なんでこんな可愛げないこと言っちゃったんだろう。




ただ普通に“まだ一緒にいたい”って言えばよかったのに。






「あ、じゃあ帰るわ。

お疲れ様。 」




「お疲れ様です。」



どんどん小さくなっていく和くん。



帰んないで帰んないで戻ってきて。



足が勝手に動く。走り出す。




和くんの制服の端を勢い良く掴んだ。




「なに?」



「まだ.....一緒にいたいです。」




「先帰って大丈夫っていってなかった?」



意地悪な笑顔でこっちを見てくる。



「それは ......。
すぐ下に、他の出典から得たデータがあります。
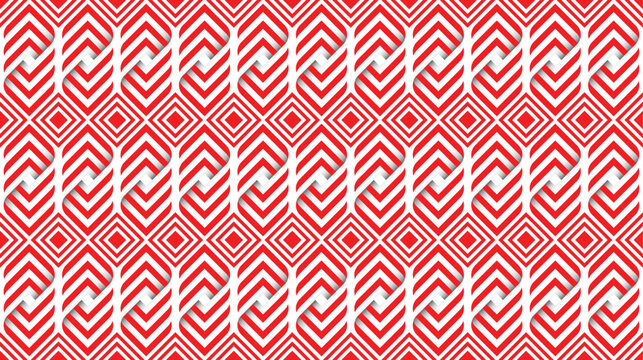 Seamless geometric pattern with red and white chevron stripes isolated on transparent background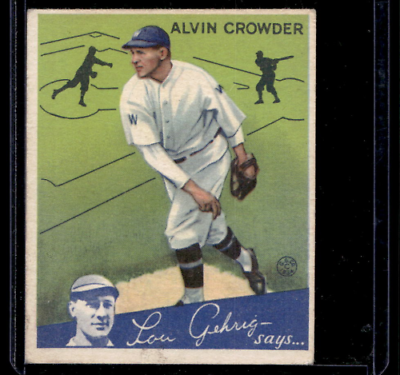 1934 Goudey #15 Alvin Crowder - VG-EX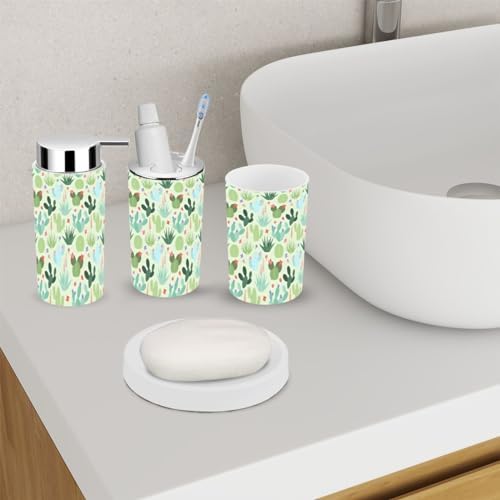 Bathroom Accessory Set 6 Piece Cactus Boho Decor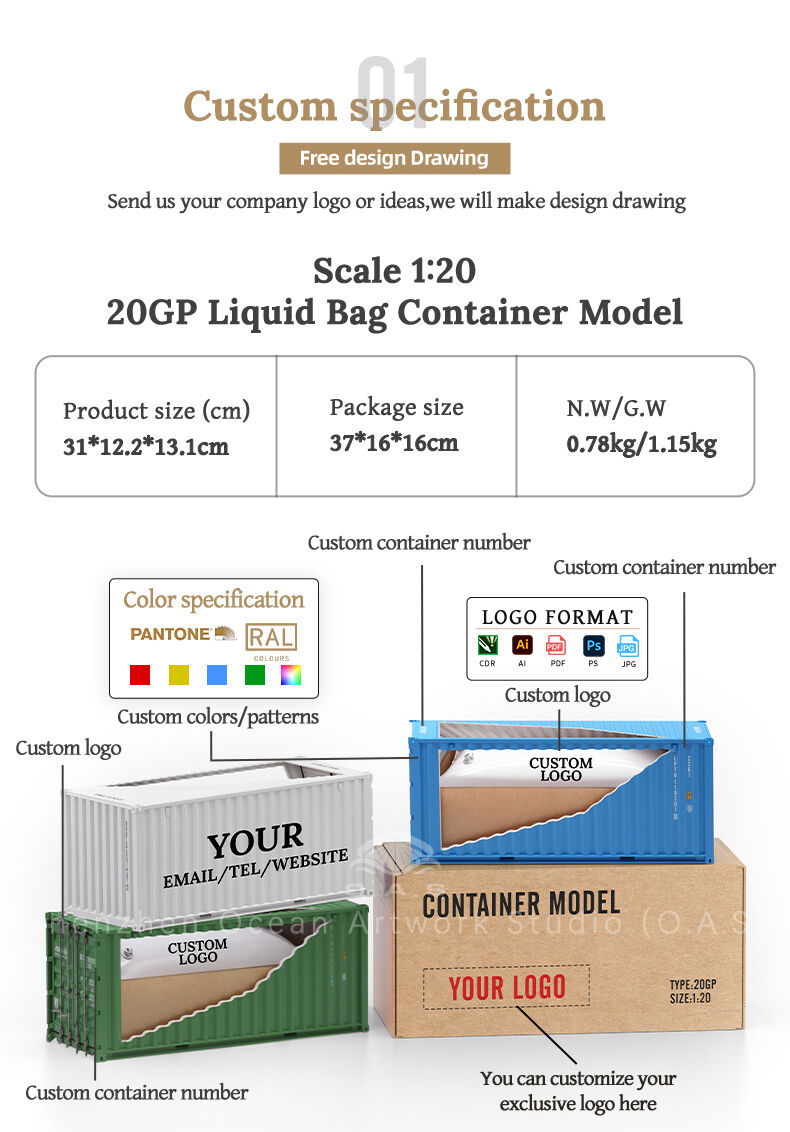 Looking for a liquid bag container model that can highlight your company's characteristics? O.A.S ship model factory focuses on creating a 20-foot BLT liquid bag container model, which is strictly designed in accordance with the real container, and is accurately reproduced in 1:20 ratio to present the liquid bag and box structure in detail. Can be customized exclusive logo, whether placed in the office area, for product display, or as a business gift, can help enterprises stand out, quickly to open customization. Amber@vesselmodel.com Tel: +86 18038048785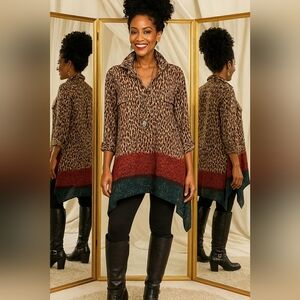Animal Print Boho XL Asymmetrical Hemline Slip-On Artisy Lagenlook Tunic New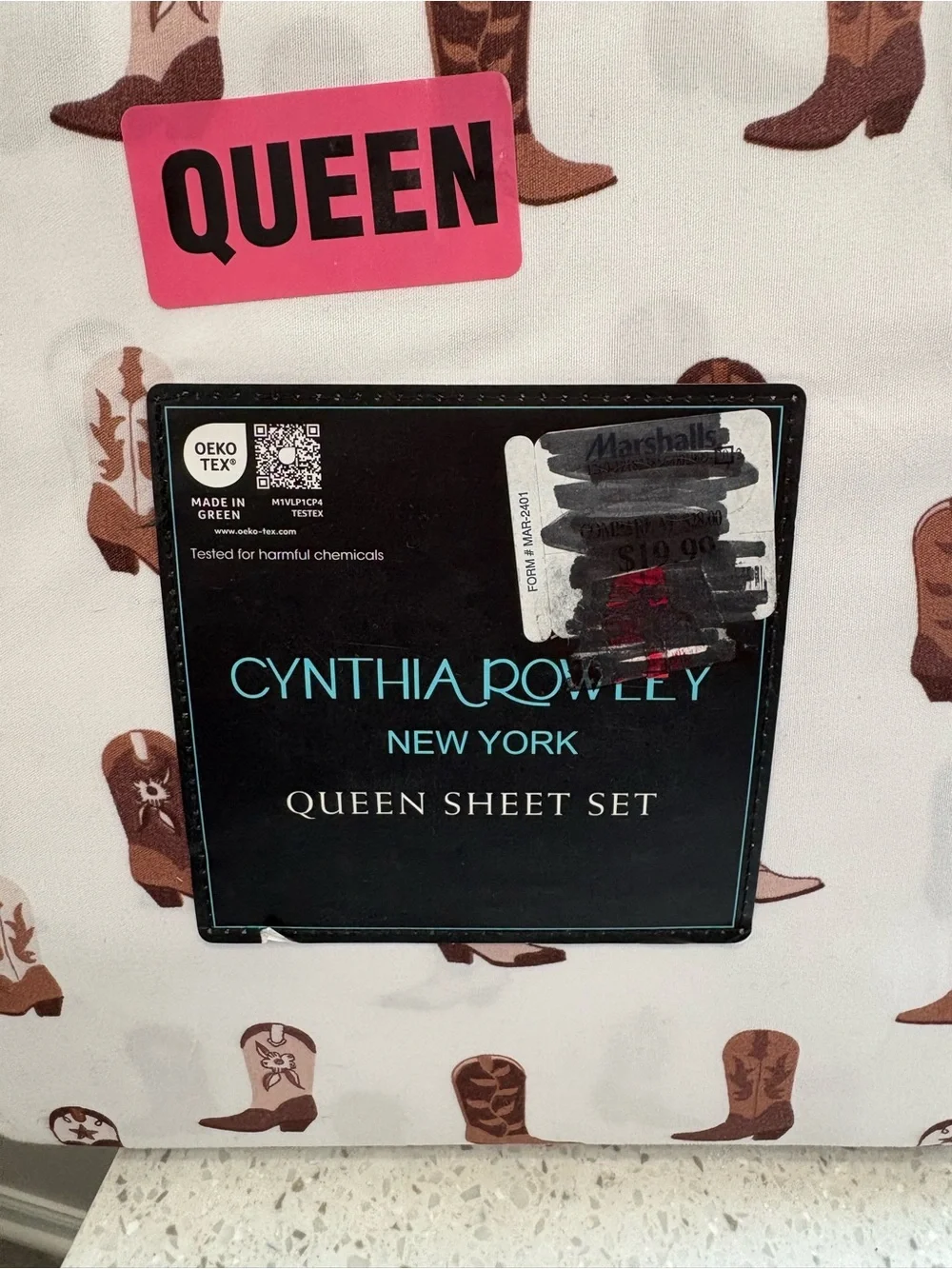 NEW Cynthia Rowley White Sheet Set with Brown Cowboy Boot Print- Queen size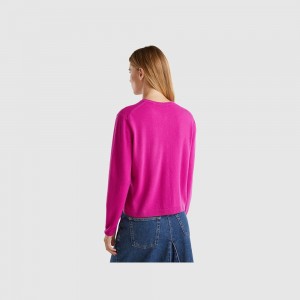 Cárdigan Benetton Cyclamen pure Merino wool Mujer Blancos | TDMBQJ271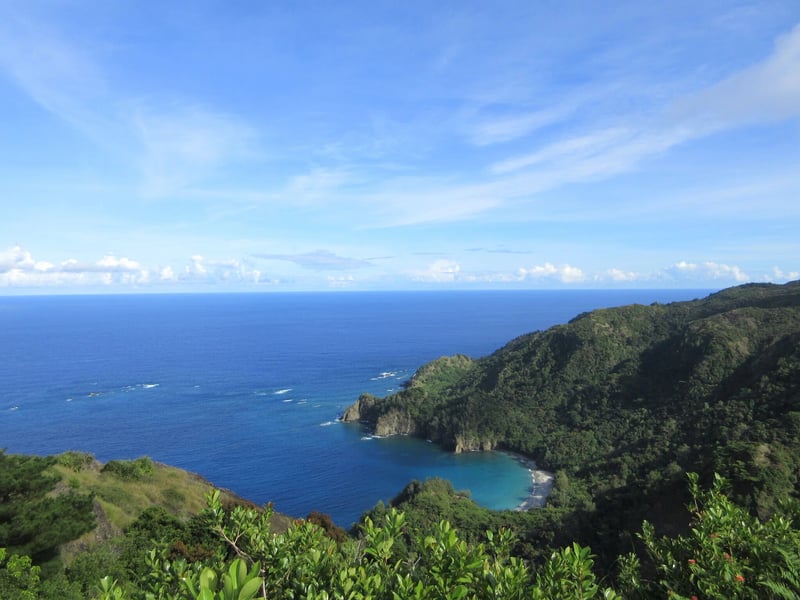 初寝浦展望台から見下ろした初寝浦海岸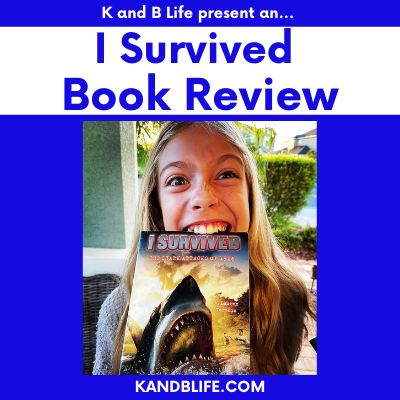 Cover photo with a girl biting a book for the I Survived Book Review.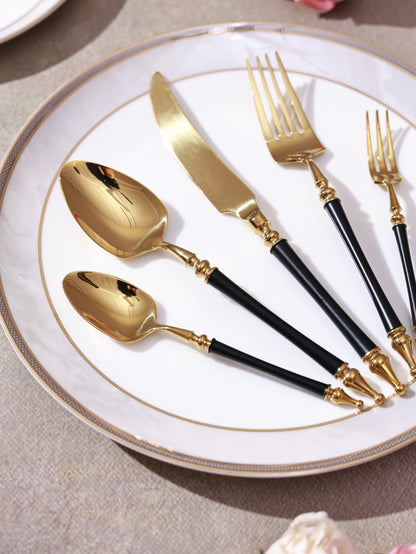Grecian Black Table Spoon (Shine Gold Finish, Set of 6)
」




何も言い返せない。





ギュッ。


え?



視界が真っ黒。何が起こってるんだろう。




気づいたら和くんの腕の中。



目の前には和くんの制服。





抱きしめられてるんだ。



「ごめんいじめすぎた。」





和くんの腕はあったかくて、大きい。



幸せだなぁ。




ずっとこうしてたい。





「おし、行くか。」




「はい。」




終わっちゃった。



ちょっと悲しいな。



今度はいつ、こうできるかな。



「そんな悲しい顔すんなよ。」



「し、してないですよ!」



「ま、続きは明日な?」



明日も会えるんだ。



うれしくてうれしくてたまんない。







いよいよ明日から学校祭。



楽しみだなぁ〜。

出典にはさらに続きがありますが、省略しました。